As for this final stage, there are two points worth mentioning. First, 40 days is the time limit for final tenders to be submitted. I think this is overly long as a good development cycle should have flushed out all the issues and the final tender should be easy to assemble.

Second, although Article 47 prohibits a negotiation stage in the innovation partnership procedure, Article 70 mandates one. This contradiction was completely avoidable and should have been avoided by the legislator. It can, however, be set aside if we read Article 47 as a general rule (prohibition) and Article 70 as a specific one (authorisation in specific cases). As for the purposes of having a negotiation stage so late in the procedure, it may make sense if there are multiple economic operators in play. However, in the situations where there is only one, I will make the same comments I have been doing for the last 6 years regarding the competitive dialogue: it's a very bad idea. It leads to longer procedures, to the previous stages not be taken seriously enough (less of a problem in this case) and more importantly to a complete change on the power relationships between the economic operator and the contracting authority.

What was left out (intellectual property)
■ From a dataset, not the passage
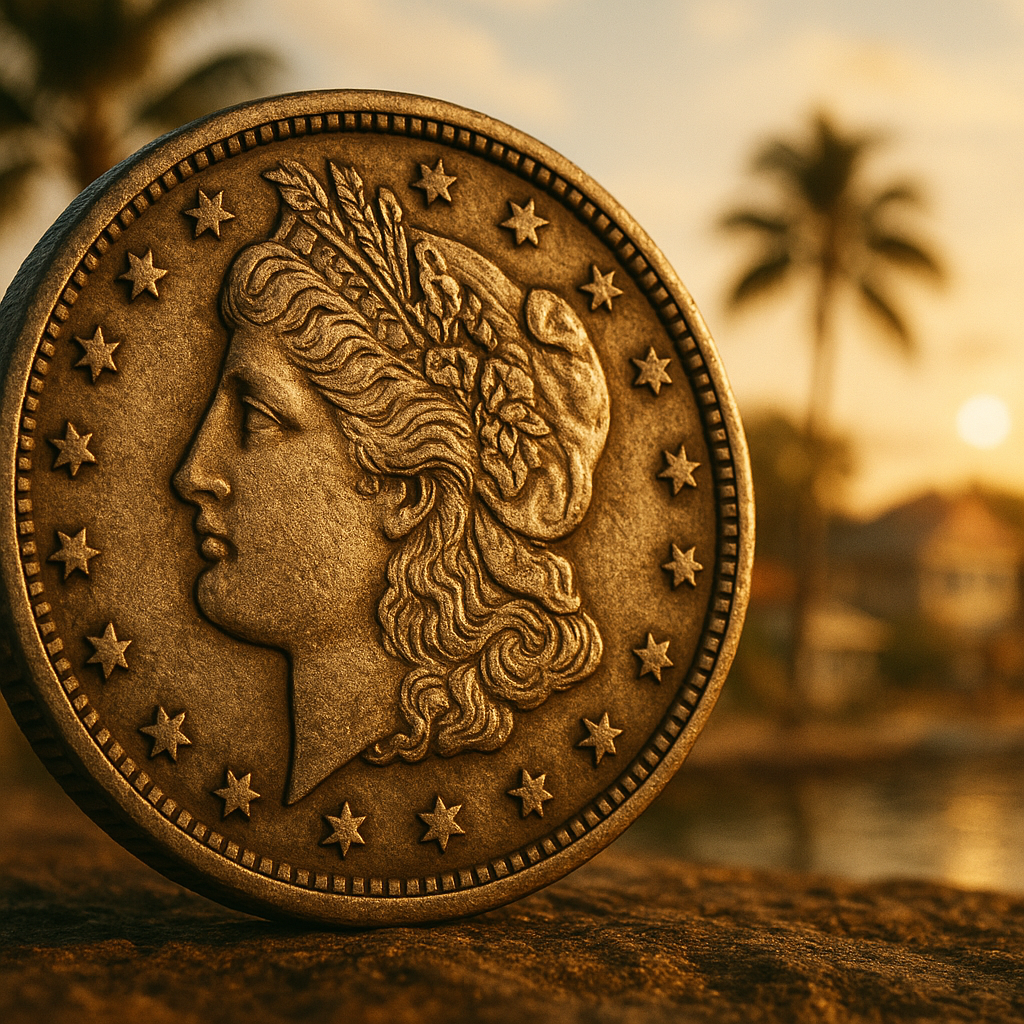 Close-up of a rare vintage coin showcasing intricate details, symbolizing timeless value and history.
The legislator was very proactive when it came down to imposing rigid administrative processes of what needs to be done. One would have expected a similar level of attention to intellectual property, for me the critical issue with the innovation partnership. Not so. Intellectual property demands care and attention and it got none from the legislator, absent in this instance. The only mention of intellectual property comes in Article 49(5) where it is said that said rights need to be dealt with "in accordance with applicable law."

In other areas of the law, the legislator had no problem in identifying the applicable law. In fact, there are plenty of cross-references to the Public Contracts Code for example. So why not pointing out what is the "applicable law" relevant to deal with intellectual property? A cop out if there ever was one.

General comment

In "traditional" Portuguese style, the way the innovation partnership was transposed into this regional law is too prescriptive, based on pre-conceptions of what procurement should be and look like (running on rails and with limited flexibility) and making assumptions of what the usage should look like.

The national Government is yet to transpose Directive 2014/24/EU. I have the bad feeling that this regional law is probably based on the working drafts of the transposition which already exist (but are not public and I have not seen them). I sincerely hope to be wrong and that the national law follows a less prescriptive and detailed blueprint.